I don't know that it was a conscious choice at first. But then, after I did my first "Scully" story, it seemed like a real chore to go back and write from Mulder's point-of-view. I'm not sure why. Maybe I have more in common with Scully. Maybe it's just that I'm a woman, too. (I've had long, drawn-out correspondence with my friend Alison about women attempting to write as men, and vice-versa, and how difficult it can be. We're still trying to work out why it's so hard for us to imagine ourselves as men!) At any rate, when I write Scully the work just seems to "flow," whereas writing Mulder is, for me, very laborious!

<< How many of your RL friends know about your XF stories? What do they think of your `hobby'? >>

None of them know! This is my secret life!

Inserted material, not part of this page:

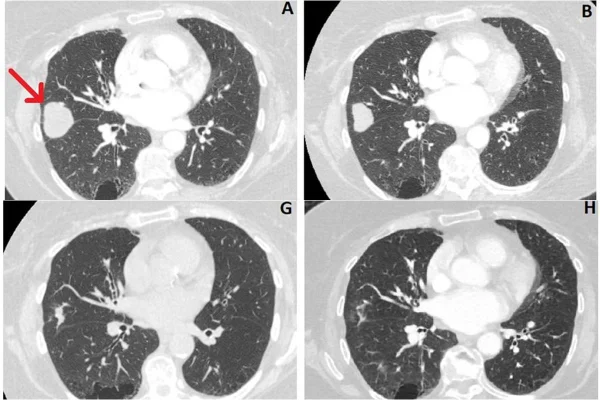 Tumor cerebral - tratamento com canabidiol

(I do have a brother who actually scanned the net for my name, and came across my stories. He mentioned it at Christmas dinner. Can you imagine!?!? But I made it clear that I did NOT want to discuss it!)

<< Why is that? >>

Well, being obsessed with a TV show is one thing, but actually writing *fiction* about it puts you into a completely different realm of obsession!

And writing in general tends to be looked upon as suspect by the population at large; it's kind of a fluffy, frivolous, self-indulgent thing to do, in many people's eyes. It seems to cause some sort of a "blank stare" reaction in a lot of people. My motto is, "When I actually publish something, then I'll tell people about it."

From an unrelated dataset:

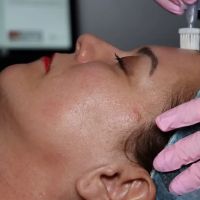 Lip Fillers Near Me LLC ico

<< In your stories, particularly "Knowing" and "Genius", the underlying idea centers around a `weird science' mystery that the characters have to understand. How did you conceive of those concepts? >>

In "Knowing," I was writing a story because it had become clear that Chris Carter wasn't going to give us resolution to the "Scully's abduction" storyline - at least not anytime soon. I wanted Scully to know how broken Mulder had been by her absence. Then I started thinking about whether she really *would* want to know his thoughts. That led into ESP.

In "Genius," I was just out walking one night, and looked up at the trees, and thought, "What if they had an intelligence, but one vastly different from our own?"

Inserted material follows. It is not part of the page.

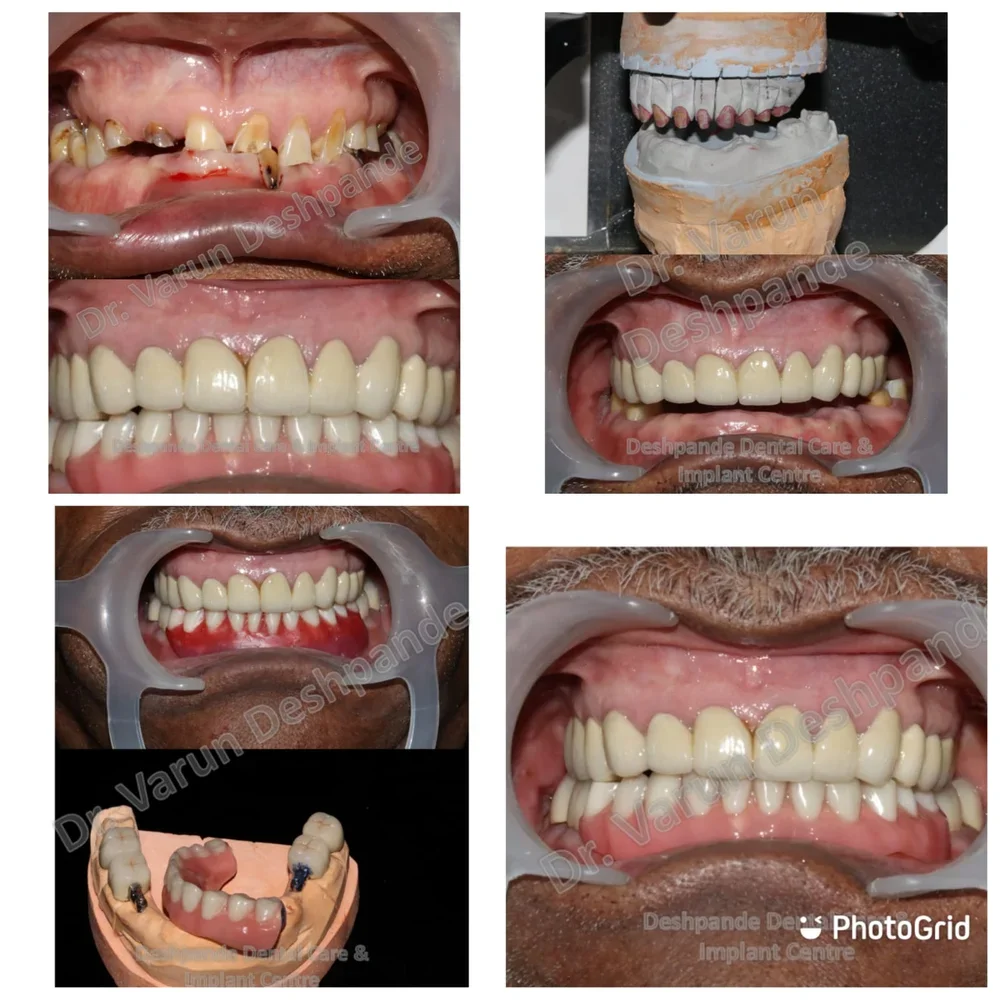 FMR using Precision Attachment with Crown and Bridge and Dental Implants - Image 1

I wrote a story this fall called "Risings," again because I wanted to delve into the Mulder/Scully relationship. This time I wanted to explore how the deaths of their family members had affected them. A ghost story seemed suitable, and that's what "Risings" became. (It also became rather dark!)

<< What's the most memorable feedback you've received about a story after putting it on a.t.x.c.? >>

The best feedback has been the establishment of several lovely cyberfriendships. Can I mention names? I first heard from Anne Milliken and Karen Nathan in response to a story, and they have become wonderful e-mail friends. Sometimes a simple comment on a story reveals a common bond, and it's really great to find friends this way.

The most *flattering* feedback was a review of "Genius" by Sarah Stegall, because it made me feel like a "real" writer!